New Zealanders go to the polls in a little over a week’s time. It will be the first election under a new electoral system. In the past New Zealand has used the British system of simple-majority, single-member electorates. Voters put a cross against one candidate and the candidate with the most votes won the seats. The party with the most seats won government. It had the virtues of simplicity and stability. It was stable because it is usual for the two major parties to win all but one or two seats and for one of them to have a clear majority. Further, as New Zealand has no upper house, it has meant that governments invariably could run a full term.
But it also meant that there were few checks to Executive power. Governments could get Parliament to rubber-stamp any legislation they wanted. It resulted in widespread, sudden and major reforms: wholesale privatisation and deregulation and sweeping industrial-relations changes. For some it provided opportunity and made things more efficient and vibrant. For others it made the world less certain, cut their pay and cut government services that they had relied upon.

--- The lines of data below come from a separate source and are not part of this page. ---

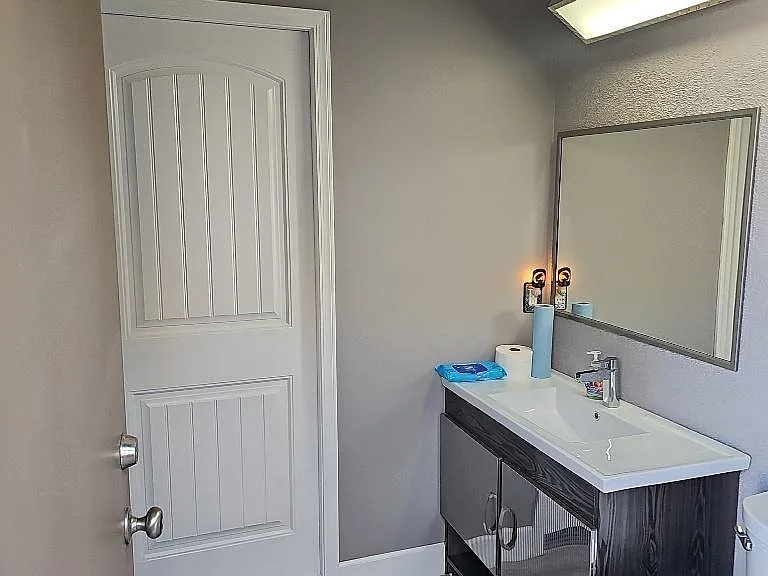 11801 E Eclipse Ct — Photo 14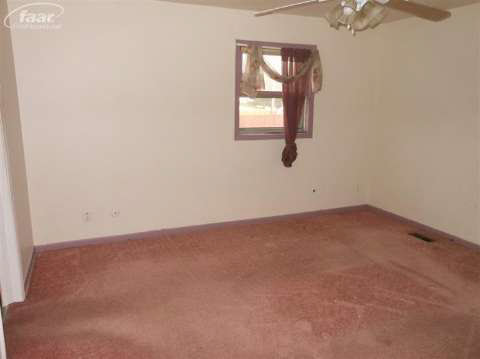 6556 Rustic Ridge Trail Grand Blanc, MI 48439 - Photo 8 of 16 20377267-7.JPG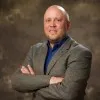 Scott Boersma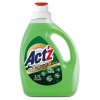 Pigeon ACT'Z Premium Gel - Концентрат для стирки белья (аромат эвкалипта), купить с доставкой на дом фото 3 — Корейские товары для всей семьи(КорОпт)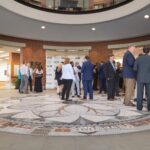 VGR-Annual-Meeting-2022-47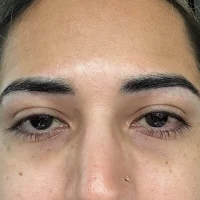 תמונת פרופיל של cutesofie69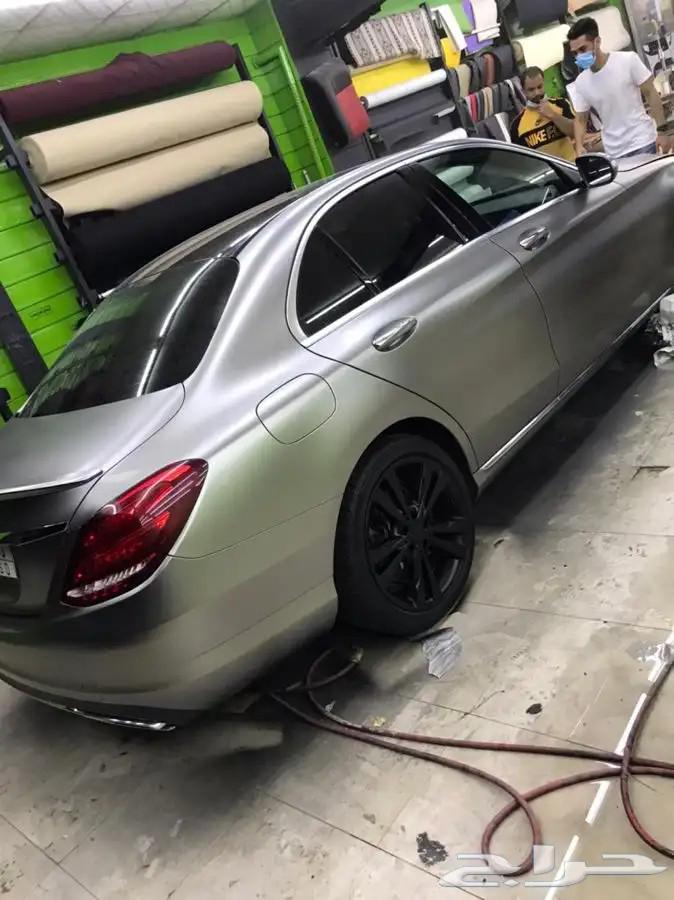 رش مطفي مطاطي64582770549762113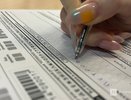 Опубликован список нижегородских учеников с высокими баллами ЕГЭ по математике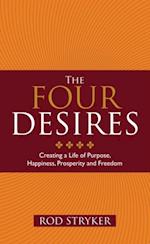 Four Desires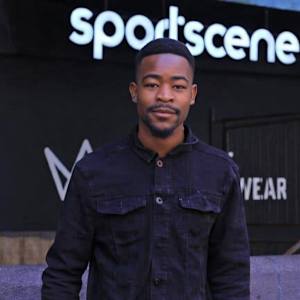 mthabisi ndlovu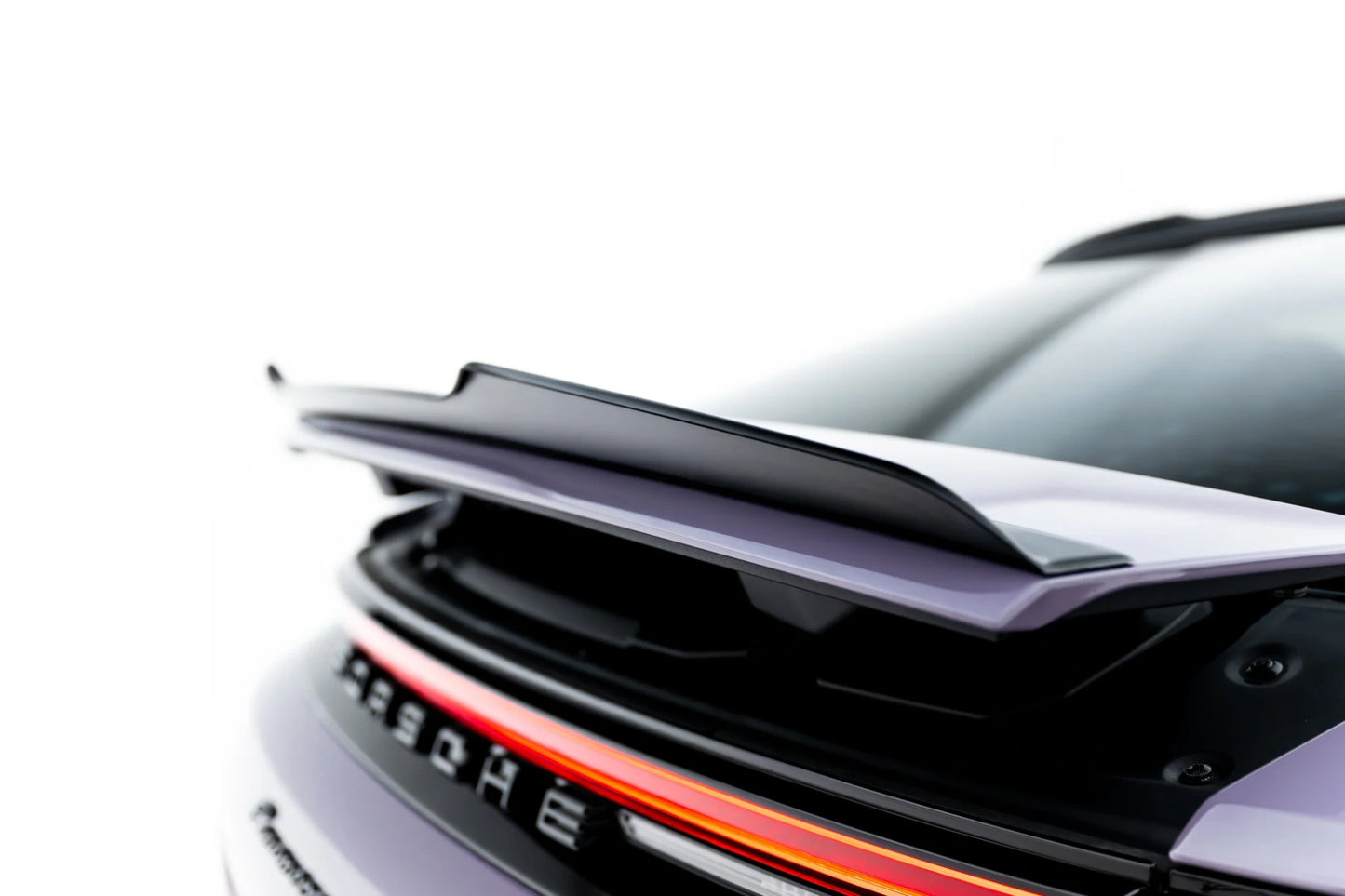 💕 Bodykit adatto  per  Porsche Panamera 4 / 4S E-Hybrid 💕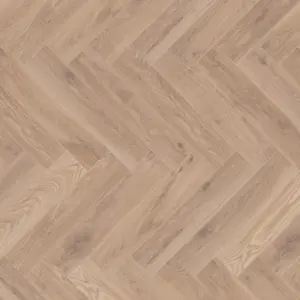 Herringbone Edition - 1101021848 Eiche Maisonette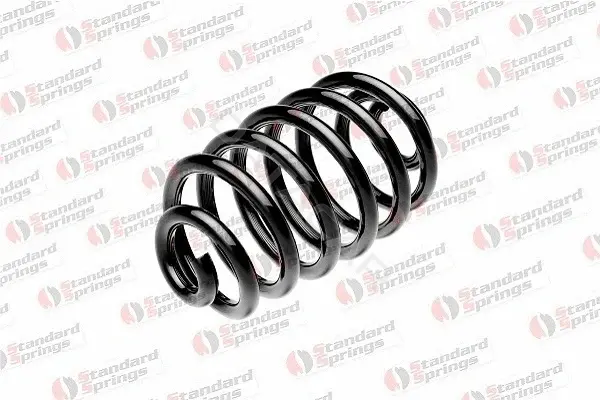 Пружины STANDARD SPRINGS ST102062R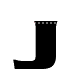 animated-letter-image-0906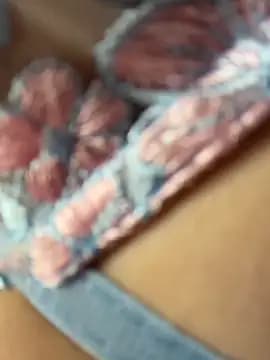 AngelBlushXXX live cam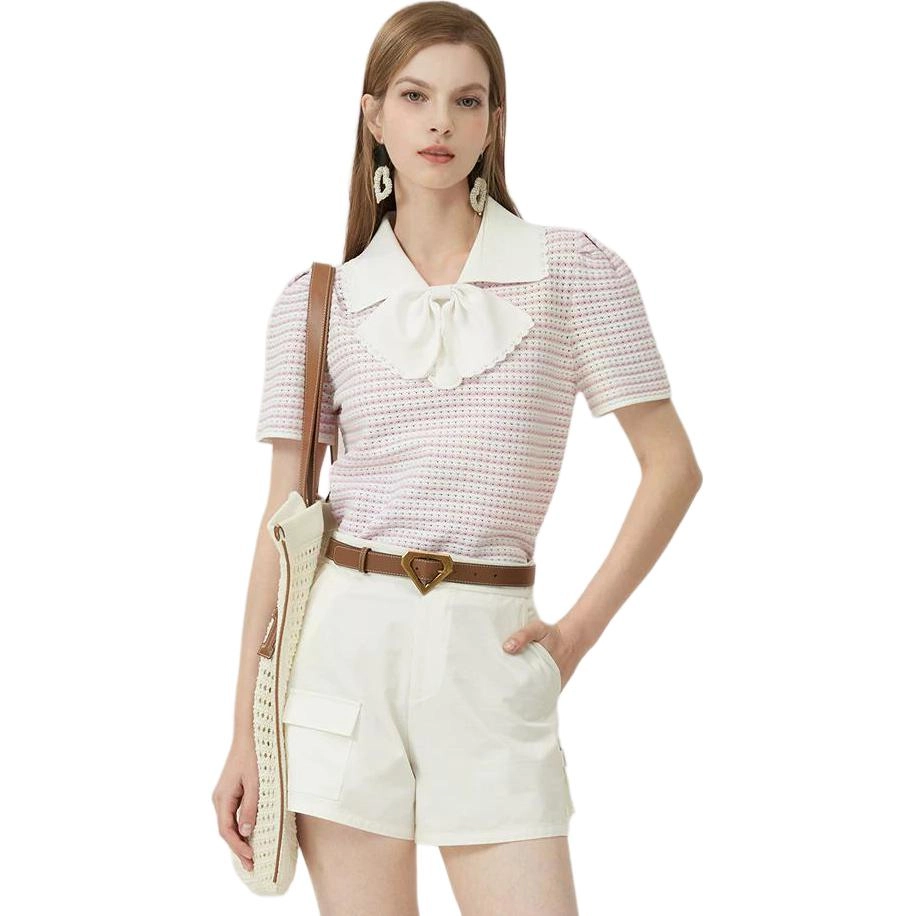 AIVEI POLO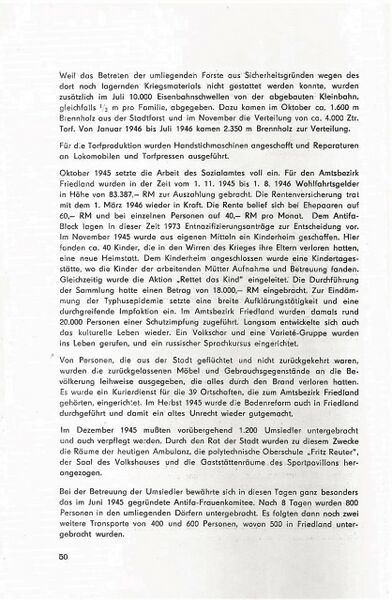 Datei:Friedland Festschrift 1969 050.jpg
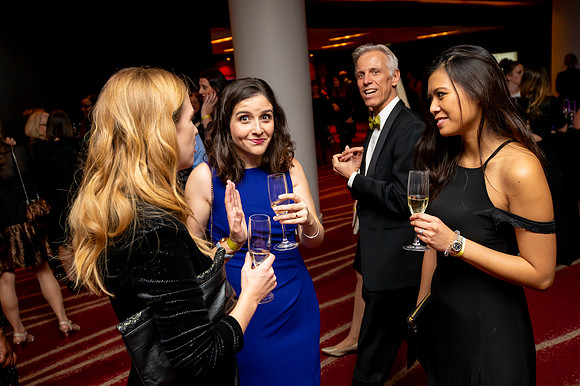 GSTT awards 2018-74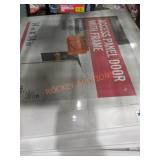 UNOPENED BY ROCKY TEAM, Could Be Opened At UNOPENED BY ROCKY TEAM, Could Be Opened At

It made New Zealanders think that the winner-take-all electoral system required reform. They thought that a system in which, typically, a political party with 40 per cent of the vote got 55 to 60 per cent of the seats and total control of government was not such a good thing. They thought it unfair that minor parties, especially those opposed to some of the radical reforms put forward by Labour and the Nationals, got a significant amount of the votes, but very few, if any, seats.